Last winter, in a long travel piece, the New York Times finally allowed that "there are now a few safe pockets [of Colombia] beginning to attract foreigners." That's an optimistic view of what is at least an off-the-beaten-path destination, permanently listed in State Department travel warnings. Colombia is still cruel, and the drug war -- remember? -- refuses to be won, as leftist, right-wing and military armed conflict enters its fifth decade. The Lonely Planet guide, which used to be called a "travel survival kit," has simply excised the chapter on the Eastern Plains, as if the huge, parched cowboy grasslands had sunk away into the Amazon. Is it safe? As a friend used to put it: "I'd go, but I'd never take responsibility for recommending it to someone else."

The 1982 Nobel laureate, Gabriel García Márquez, might agree: He keeps residences in Colombia but hasn't lived there since beginning what his Nobel biography describes as "a more or less compulsory exile," mainly in Mexico City. Regardless, Gabo, as he is known in Colombia, remains the colossus of Colombian letters. No one comes close to his totemic status; any publication, comment or political action by Gabo wherever he is garners celebrity-level notice at home. Because passions run high around so great an author, and because Gabo's attentions have been focused on the rural and political past of his country, nothing in his oeuvre is irrelevant. But if you're new to García Márquez, try "Love in the Time of Cholera" (1988) to understand how the Magdalena River slices through the middle of Colombia's heart. If you've covered the classics of magical realism already, pick up "News of a Kidnapping" (1996) to appreciate the way the Colombian psyche absorbs, and dissipates the effects of, its seemingly endemic violence.

Of translated Colombians, only Laura Restrepo -- like García Márquez, a prizewinner and journalist -- continues to write as a magical realist: news reinvented as timeless romance by encasing specific, reported detail in a "years ago and far away" frame. This method works well in "A Tale of the Dispossessed" (2001), a precious, short love story between three of the estimated 3 million civil conflict refugees choking Colombian cities. Steinbeck's "The Grapes of Wrath," a larger tale of movement and waste, provides a fitting epigraph: "Strange things happen to people who are fleeing from terror ( ... ); some are cruel, and others are so beautiful that faith is renewed." Restrepo chronicles this faith, "the mad euphoria of being alive, so characteristic of this indescribable land," and her characters, though worn, often land on the side of beauty. "There's no country on earth as beautiful as this one," says the sheltering narrator. "No, there isn't," answers the dispossessed, "nor a more murderous one, either."

But it's a truism by now to say that magical realism, which rounded out the postwar writing that became known as the Latin American boom, is just honest reporting in a realm where absurdity reigns. To wit: A station in Bogotá's cherry-red articulated bus network has been christened "21 Angels" in memory of the schoolchildren who were crushed nearby under a falling hydraulic excavator. It's not magical realism, see, it's what actually happened: A flying steam shovel landed on top of a school bus, and 21 children who had nothing to do with war were transformed into angels.

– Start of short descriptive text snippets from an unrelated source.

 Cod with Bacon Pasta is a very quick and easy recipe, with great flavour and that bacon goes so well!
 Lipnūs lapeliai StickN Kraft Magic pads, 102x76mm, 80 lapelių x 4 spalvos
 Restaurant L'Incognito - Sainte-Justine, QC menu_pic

That same urban transport system that has helped revitalize Bogotá also has several "Books to the Winds" automated kiosks, where straphangers can take and return free rider-friendly texts to read while being whisked across the sprawling Andean plateau the city continues to engulf at an alarming rate. Bogotá, where new public libraries have been designed by the country's best architects, is gearing up to be UNESCO's World Book Capital City in 2007, and an annual book fair in April has for two decades been the region's largest editorial and book-selling event -- your foreign passport gets you in free. Plan a January trip to Cartagena de Indias, Colombia's very safe Caribbean jewel, currently the set for a film version of "Love in the Time of Cholera," and you'll catch many of the writers listed here in the Guardian (U.K.) Hay Festival Cartagena, an annual weeklong literary fiesta: Pay $2 per event or splurge for a $20 pass to all 45 lectures, debates, readings and concerts, scuba gear not included.

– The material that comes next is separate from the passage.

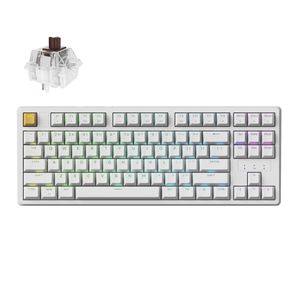 Keychron J4 QMK Wireless Hot-Swappable RGB Backlight Keyboard (White)(Brown Switch)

Despite this support, book sales in Colombia are plagued by prohibitive local prices, pirates hawking hot texts on the street and the shadow of García Márquez. Post-Gabo writers don't have it easy in a place where "it is often a matter of life and death not to tell a single truth," as one of Restrepo's characters puts it. Two contemporary authors, Fernando Vallejo and Jorge Franco, both recently given high-profile English translations, explore an increasingly urban reality, as opposed to the rural, timeless and universal fantasy of the magical realists -- the young writers' stone to Gabo's Goliath. Vallejo, who lives in Mexico City, depicts in "Our Lady of the Assassins" (1994) a disillusioned returning writer in love with a series of young male assassins. Nothing sacred in Colombian society, from iconic liberator Simón Bolívar to the Roman Catholic Church, is spared Vallejo's ecstatic rage. "Colombia changes," laments the narrator, "but remains the same, this is the new face of the same old disaster."

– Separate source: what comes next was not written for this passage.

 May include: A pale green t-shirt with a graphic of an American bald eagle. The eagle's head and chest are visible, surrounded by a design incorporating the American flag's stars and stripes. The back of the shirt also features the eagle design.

It's no accident that Vallejo and Franco are both from Medellín, the regional capital that shepherded the first great drug lord and the thorny prosperity and scourges in his wake. (Read Mark Bowden's masterly, intricate "Killing Pablo" (2001) to grasp the fascination -- and the almighty dread -- "Don Pablo" Escobar continues to evoke for Colombians even 13 years after his death.) Medellín may be "wrapped in the arms of two mountain ranges," as it's described in Franco's "Rosario Tijeras" (1999), but there's nothing precious about the ferocity of the Colombian "barrio popular." Franco's young sophists, lacking formal education but superbly schooled in cruelty, observe with casual innocence events only readers can recognize as unjust. As Emilio, the lovelorn and slumming narrator, says, "We don't know how long our history is, but we can feel its weight." Rosario's last name, Scissors, is a sobriquet bestowed after one of many acts of violence against "being born to misfortune." In the book, a corpse gets shot (again) in his casket while another gets paraded around his favorite salsa bars. Franco, Vallejo and others writing in an urban noir vein defiantly turn over the decayed log of Colombian society to examine the activity underneath, seeking that combination of thrilling revulsion and incredulous wonder that Colombia seems so adept at provoking: extremes of terror and beauty.

Extremes that are reflected in a geography the size of France, more stunning and varied than war stories might suggest: two oceans, 51 protected parks (granted, some of them closed for "situations of public order"), 17,000-foot volcanoes you can drive up to provided they're not spewing, whale migrations, freshwater dolphins, thermal baths, a five-colored river, more than half of the world's high-altitude tropical tundra and the planet's greatest diversity of birds.

In fact, one of Colombia's finest books is the work of intrepid ornithologists. "A Guide to the Birds of Colombia" (1986), an 800-page tome with color plates to make Audubon weep, comes with the marvelously understated, "One note of caution. Several potentially productive areas may no longer be visited safely." And Appendix A, "Finding Birds in Colombia," offers a phrase that might apply as well to Colombian letters as to its fauna: "Despite the great diversity of birdlife in Colombia many of the more interesting species cannot be found readily without considerable knowledge of habitats and localities." But because it's Colombia, there's a complementary handbook, published by the Convention on International Trade of Endangered Species, given to park rangers and airport and port personnel, and spread around rural markets: a full-color guide to all the birds illegally bought and sold in paradise.